What you can expect from researching your family tree.


Last July, curious to know something about my ancestors, I opened an account and began my family tree.  Though I had signed up for a family tree search maybe fifteen years ago, I was not prepared for how much content had already been done on my family tree.  You see, you get to look at and reap information from other family trees, related to yours.  Thus, there is a wealth of family facts for which to discover when you do a family tree.

At the same time, I registered for "world" information and, though I found little in that one month subscription, I did uncover an official wedding document in which the bride (my great-great-grandmother having yet lived in England signed her wedding document with an "X."  Jane and William later came to America to my present home town in which their memorial is located in a local cemetery

Soon I realized that I might be able to piece the family members together were I to subscribe to Newspapers.com.
What a surprise to not only discover facts I never knew, but also the little nasty reports about my grandfather.  I knew Moses was a rebellious sort, but I hadn't known he was a rascal.  In the search, I recalled his anger when I was a pre-schooler and whirled a ball of clay at him, hitting him in the neck.  (I was as much a rascal!)  Nevertheless, I was stunned to discover he met with the local police more than a few times and had spent at least one night in the local downtown lock-up.  It seems my grandfather, after his wife died, had a tryst with a town gal which ended in his having been shot in the shoulder.  No problem.  He survived and lived until I was eleven years old.  

Aside from all this, I uncovered much information from this two month newspaper subscription.  In my grandfather's favor was the loss of his wife at mid-life, the illness and death of a one year old daughter, and the death of my natural mother (his only daughter) at age 21 to the tragic incident for which I have already blogged in an earlier post.  

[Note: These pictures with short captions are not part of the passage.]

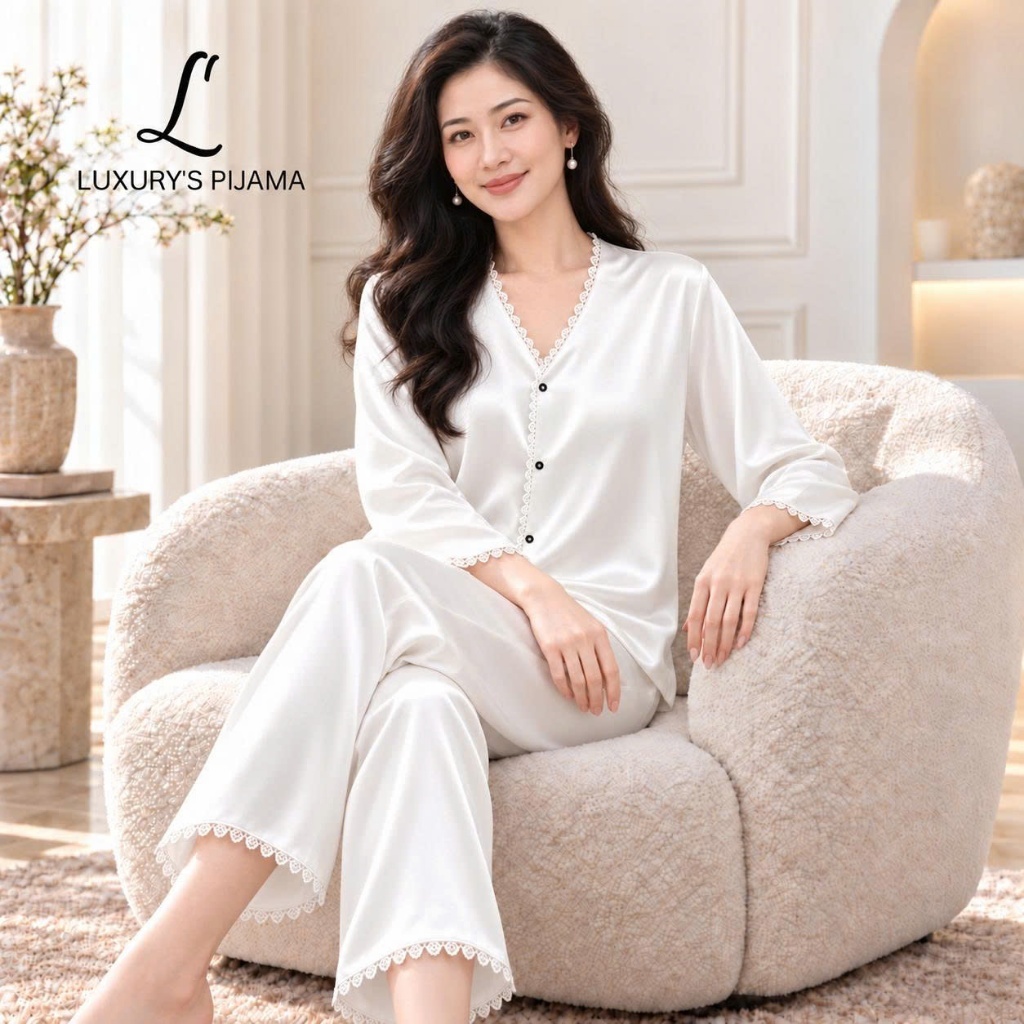 Đồ bộ LUXURY PIJAMA lụa latin cao cấp, mềm mịn sang trọng tay dài trơn phối ren TD028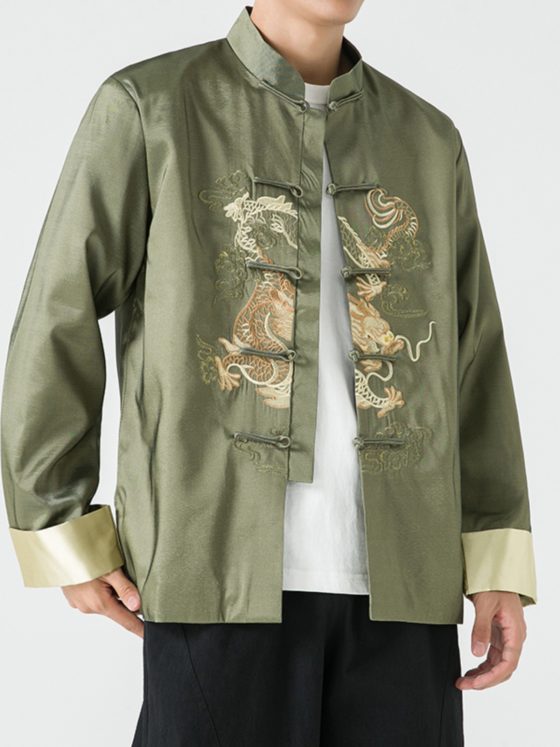 Men's Chinese Style Tang Suit Jacket – Embroidered Crane Zhongshan Coat with Frog Buttons, Vintage Ethnic-Inspired Plus Size Outerwear - Image 3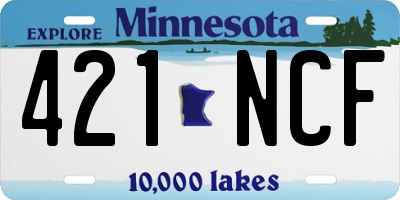 MN license plate 421NCF
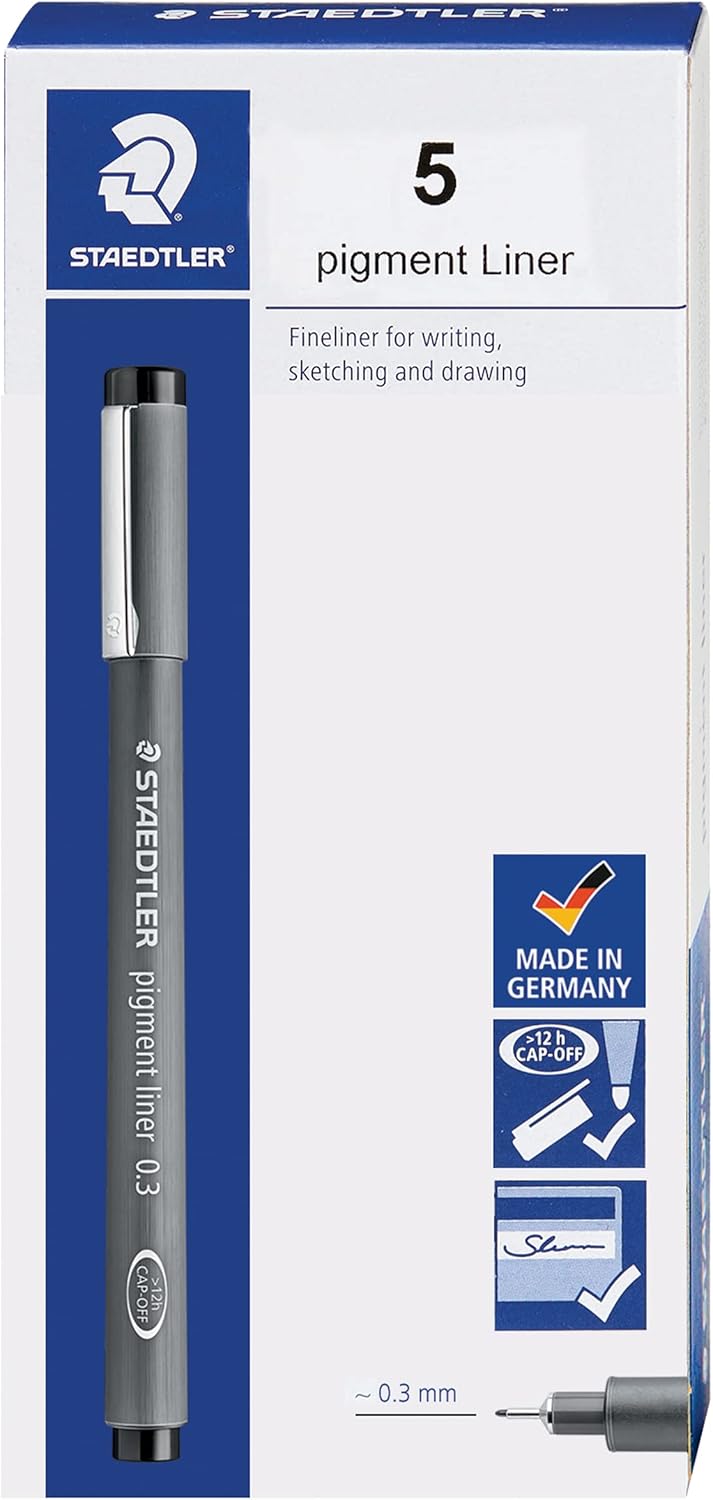 STAEDTLER Pigment Liner, Fineliner Pen for Drawing, Drafting, Journaling, 0.3mm, Black, Box of 5 Pens, 308 03-9M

Other discoveries involved my husband's family tree which uncovered some rather notable people in the Berk's County area of Pennsylvania, at least one town Lobachsville, named for its founder, a Lobach relative of my husband.  

My paternal family tree took me to Berks County as well, the Beyer family having arrived in Pennsylvania in 1731 on the ship, Philadelphia Merchant.  Ironically, the passenger list revealed that the Lobach's were on this same voyage!  

The Lobach family, as well as the Beyer family was traced all the way to the 1500's, or 1400's.  This spring I plan a trip to Berks County to visit gravesites for which family members are buried, some memorials engraved in German.

It is honorable, above all other information I uncovered, that many male ancestors fought in four wars, including the Revolutionary War and the Civil War.  My great-grandfather Earp, in fact, was wounded in the Battle of Antietam.  Sadly our American heritage has been degraded to a level that most Americans no longer place their hands over their hearts during the National Anthem (a flag rule by the way).  My grandfather Earp came to America shortly before the Civil War.  He came here from England to pledge his allegiance to America and soon offered up his very life for his newly adopted country.  

If you haven't done your own family tree, you might be in for some real surprises!   I'll never regret having spent the time and small investment in doing my family tree.  Evidence of some family members have indicated they knew Jesus as their personal Lord and Savior.  I rejoice in that one day I will meet some of my ancestors in heaven.  One thing for sure, I will already know a few facts about their earthly life in the United States.